I definitely agree. The resolution set to Fine is around 6000x4000. I used to use a Canon T2i, which has a larger sensor, but lower megapixel count. I seemed to get better pictures from it without having to try as hard.

  • 57 months ago
  • 1 point

nice !

  • 57 months ago
  • 2 points

And Of corse Sammy Nails it again...

  • 57 months ago
  • 2 points

:) Thanks MLGComputers!

  • 57 months ago
  • 1 point

When your next live stream ganna be?

  • 57 months ago
  • 2 points

Ahh hard to say, I might have some time this weekend for some games.

  • 57 months ago
  • 1 point

I shall be looking foreword...

  • 57 months ago
  • 2 points

Great build, pictures and write-up as usual. Well done :)

  • 57 months ago
  • 1 point

Thank you kind sir! :)

  • 57 months ago
  • 2 points

Which version of Prime 95 did you use? The latest version is apparently avoided by many as it produces abnormally higher temperatures. Yes, abnormally high for a stress test. Stress tests usually will produce 10-20C more than normal heavy workload, but apparently this one produces 10-15C over other stress tests.

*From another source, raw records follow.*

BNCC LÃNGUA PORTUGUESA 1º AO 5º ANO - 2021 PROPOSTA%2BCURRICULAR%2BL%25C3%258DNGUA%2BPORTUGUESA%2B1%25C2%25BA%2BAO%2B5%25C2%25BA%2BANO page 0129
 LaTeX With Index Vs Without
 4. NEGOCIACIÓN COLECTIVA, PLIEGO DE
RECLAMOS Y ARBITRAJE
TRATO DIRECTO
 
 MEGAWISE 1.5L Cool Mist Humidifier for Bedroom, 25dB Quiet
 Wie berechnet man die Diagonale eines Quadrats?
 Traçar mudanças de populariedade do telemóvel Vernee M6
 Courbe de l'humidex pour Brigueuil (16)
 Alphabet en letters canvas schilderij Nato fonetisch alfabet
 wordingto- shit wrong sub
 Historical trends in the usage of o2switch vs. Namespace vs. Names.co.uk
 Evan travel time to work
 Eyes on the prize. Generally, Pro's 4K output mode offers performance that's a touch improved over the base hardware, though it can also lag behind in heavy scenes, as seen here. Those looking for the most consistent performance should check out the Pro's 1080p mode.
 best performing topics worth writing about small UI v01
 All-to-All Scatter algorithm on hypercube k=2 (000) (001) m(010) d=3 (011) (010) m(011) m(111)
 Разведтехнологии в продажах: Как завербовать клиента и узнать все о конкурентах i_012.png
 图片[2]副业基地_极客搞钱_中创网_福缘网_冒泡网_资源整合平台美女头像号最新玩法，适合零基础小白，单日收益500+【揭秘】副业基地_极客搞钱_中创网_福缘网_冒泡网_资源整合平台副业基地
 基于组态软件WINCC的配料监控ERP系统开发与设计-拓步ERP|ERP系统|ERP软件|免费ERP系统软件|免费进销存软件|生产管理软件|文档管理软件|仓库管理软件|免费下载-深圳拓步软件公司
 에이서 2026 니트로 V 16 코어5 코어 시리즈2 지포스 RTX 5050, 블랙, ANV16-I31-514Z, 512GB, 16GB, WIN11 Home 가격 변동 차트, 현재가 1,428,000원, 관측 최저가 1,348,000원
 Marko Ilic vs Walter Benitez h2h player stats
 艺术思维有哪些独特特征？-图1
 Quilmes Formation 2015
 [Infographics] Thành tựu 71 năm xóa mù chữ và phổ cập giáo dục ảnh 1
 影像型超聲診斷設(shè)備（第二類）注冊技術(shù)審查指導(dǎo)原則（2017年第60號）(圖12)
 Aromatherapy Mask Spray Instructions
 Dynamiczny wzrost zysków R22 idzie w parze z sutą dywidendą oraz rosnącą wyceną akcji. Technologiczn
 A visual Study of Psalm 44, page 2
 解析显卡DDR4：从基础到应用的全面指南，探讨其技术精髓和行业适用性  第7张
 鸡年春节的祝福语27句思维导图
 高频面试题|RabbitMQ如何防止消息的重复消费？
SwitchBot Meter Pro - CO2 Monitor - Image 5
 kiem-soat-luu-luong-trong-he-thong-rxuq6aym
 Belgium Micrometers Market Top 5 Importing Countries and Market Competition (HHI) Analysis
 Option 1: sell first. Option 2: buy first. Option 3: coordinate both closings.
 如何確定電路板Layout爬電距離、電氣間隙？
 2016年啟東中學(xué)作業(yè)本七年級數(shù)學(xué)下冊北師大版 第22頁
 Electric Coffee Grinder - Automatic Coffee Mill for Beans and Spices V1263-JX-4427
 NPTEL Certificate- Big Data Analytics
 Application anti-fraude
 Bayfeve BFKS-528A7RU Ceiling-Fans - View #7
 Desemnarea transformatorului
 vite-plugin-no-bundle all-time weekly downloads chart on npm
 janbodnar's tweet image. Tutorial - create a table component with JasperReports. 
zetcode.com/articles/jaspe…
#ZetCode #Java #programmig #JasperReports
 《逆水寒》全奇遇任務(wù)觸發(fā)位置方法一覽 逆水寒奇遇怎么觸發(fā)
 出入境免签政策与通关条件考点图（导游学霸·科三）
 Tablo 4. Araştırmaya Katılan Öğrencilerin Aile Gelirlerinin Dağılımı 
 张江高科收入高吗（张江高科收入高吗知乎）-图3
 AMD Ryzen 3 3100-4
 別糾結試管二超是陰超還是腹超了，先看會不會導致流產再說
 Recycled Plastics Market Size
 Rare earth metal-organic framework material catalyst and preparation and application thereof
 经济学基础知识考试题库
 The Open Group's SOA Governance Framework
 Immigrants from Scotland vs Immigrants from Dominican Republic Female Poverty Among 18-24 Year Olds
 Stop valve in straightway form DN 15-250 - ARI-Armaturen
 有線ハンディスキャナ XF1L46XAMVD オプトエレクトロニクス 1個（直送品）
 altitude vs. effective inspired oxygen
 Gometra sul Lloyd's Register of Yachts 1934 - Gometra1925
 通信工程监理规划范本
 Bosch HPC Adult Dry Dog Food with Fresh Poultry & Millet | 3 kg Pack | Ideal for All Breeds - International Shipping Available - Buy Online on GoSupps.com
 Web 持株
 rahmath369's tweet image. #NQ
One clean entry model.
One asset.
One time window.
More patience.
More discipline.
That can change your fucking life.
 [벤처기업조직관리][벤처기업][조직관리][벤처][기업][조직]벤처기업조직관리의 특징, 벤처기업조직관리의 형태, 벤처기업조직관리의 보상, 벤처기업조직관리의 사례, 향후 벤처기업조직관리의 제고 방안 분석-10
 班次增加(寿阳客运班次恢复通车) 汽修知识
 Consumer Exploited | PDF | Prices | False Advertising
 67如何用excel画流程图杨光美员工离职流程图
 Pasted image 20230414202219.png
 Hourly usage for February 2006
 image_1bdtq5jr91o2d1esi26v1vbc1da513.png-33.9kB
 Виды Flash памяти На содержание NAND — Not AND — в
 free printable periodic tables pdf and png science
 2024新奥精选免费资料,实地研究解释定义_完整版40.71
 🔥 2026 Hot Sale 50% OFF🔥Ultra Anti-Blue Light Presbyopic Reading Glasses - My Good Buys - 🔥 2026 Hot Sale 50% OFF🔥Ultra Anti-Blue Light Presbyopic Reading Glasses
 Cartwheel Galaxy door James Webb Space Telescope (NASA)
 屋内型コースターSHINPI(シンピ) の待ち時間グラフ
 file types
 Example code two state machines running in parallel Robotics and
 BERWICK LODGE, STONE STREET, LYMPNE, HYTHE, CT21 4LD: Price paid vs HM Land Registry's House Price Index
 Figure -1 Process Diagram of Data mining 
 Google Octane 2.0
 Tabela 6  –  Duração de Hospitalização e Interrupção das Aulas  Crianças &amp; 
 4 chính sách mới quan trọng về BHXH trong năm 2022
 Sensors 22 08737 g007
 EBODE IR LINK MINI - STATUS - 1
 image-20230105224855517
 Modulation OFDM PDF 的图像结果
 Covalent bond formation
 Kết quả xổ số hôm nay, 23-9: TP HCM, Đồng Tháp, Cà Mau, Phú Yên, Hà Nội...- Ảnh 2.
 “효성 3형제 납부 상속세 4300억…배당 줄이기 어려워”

I have found that my 4690k runs happily in the low 60s/high 50s on it's stock cooler and stock speeds during AIDA64. Prime sent the temperatures into the wild 80s. The heat production was also 20W higher than the 88W stated by Intel. So I'd say the latest version of Prime95 is more of a CPU cooler benchmarking tool. I am generally on the side that says - well what's the point of the stress test if it's not going to put the CPU under the worst conditions possible. But that's when it comes to overclocking. At stock speeds with the stock cooler, I would say the CPU should work as intended, even if you live in Australia.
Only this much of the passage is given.